The Ghost pounces with a roar.
I take the shot.
It appears to echo throughout the jungle, cutting out the tiger’s roar. The recoil is jarring, but my sights are still trained on my quarry. He took it at the neck, not on the forehead where I aimed. I chide myself silently for waiting too long, for losing focus. Who cared about the grace of a tiger’s leap? I should have pulled the trigger right when he came out of the covering. When he stood statue-still for me.
He lies on his side, one of the forelegs thrashing weakly. A clean shot between the eyes would have sent him along with some decorum. He deserves it, this elusive creature that has worked up every person in every village in the vicinity so much that nobody’s having a good night’s sleep anymore. After all his raids and kills and successful evasions from not-so-eager rangers, it has to come to this at last: a surprise bullet from a seasoned hunter.
I debate for a few moments whether to shoot him again or wait it out. For some reason, watching the death throes of an animal as majestic as this one feels criminal. And that he has to fall on account of a cowardly shot dispatched from a safe distance, from high atop a tree makes me feel squeamish. I take aim. The beady eyes of the tiger swim into my view. They appear full of life even now. He snarls and groans. He gasps for breath and the whole body is shaking at the exertion, as if in a palsy. I steady my hands and fire. The crimson splash on his face is final.
I scan the area carefully once before starting to climb down from the tree. Even the normal background noises of the jungle have died down with the gunshot. The silence is complete and scary. I take a moment to stretch expansively; I had to wait for more than two hours in an uncomfortable foetal position for the Ghost to show up. Compared to the fruitless, longer waits of the past five days it is a jackpot, though.
I hang the rifle across my shoulder and take out my pistol. I walk slowly to the fallen cat, pistol levelled at its head. You can never be too careful with a tiger.
The deer have fled as you can imagine. I walk into the clearing. The sun is high, but an occasional breeze gushes in, undulating the grassy fields. Close up, the Ghost lives up to his name. He is a mountain of flesh, stretching a full eight feet or more. It’s ironic his killer has to look so puny against his dead frame. I hover the gun over his partly-opened, fanged jaw, and think, now here’s an animal worth bucks for every inch of its being.
With the pistol still poised at his head, I go down on a knee beside him and take my time to appreciate the treasure. The lucid, golden skin, with those impeccable stripes, which is soon to be peeled off by a meticulous craftsman and sold off for a fortune. Deadly fangs that cost a wealth of dollars in the right market. So go the claws that never got to click out to impale on the bucks. The bones, innards, brain, eyeballs, even the penis and whiskers, are all going to be ripped off and turned into money.

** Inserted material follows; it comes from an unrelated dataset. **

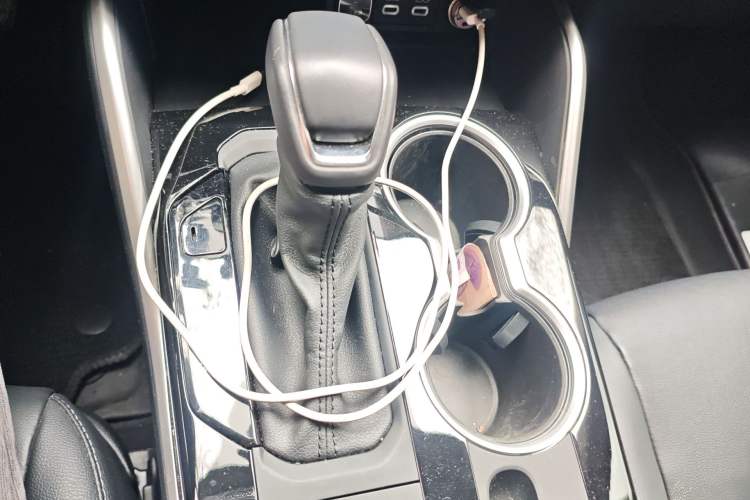 Used Toyota Highlander 2023 2.5L Smart Electric Hybrid Dual-Engine Four-Wheel Drive Prestige Version – 7 Seats Gear Lever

I allow myself a smile. The long journey to this remote corner of the state has not been a waste, after all. Smuggling the body out from the forest is going to be another problem. But hey, if the authorities were so good, why would the tiger linger for so long only for me to come down and finish it? I slowly trace my way back to the sanctuary of a tree in the rim of the clearing and take out my walkie-talkie.
“The cat’s down. Wake up and get the jeep here right now before some foolish ranger walks in. Over and out.”
A blood-curdling roar issues from deep within the forest.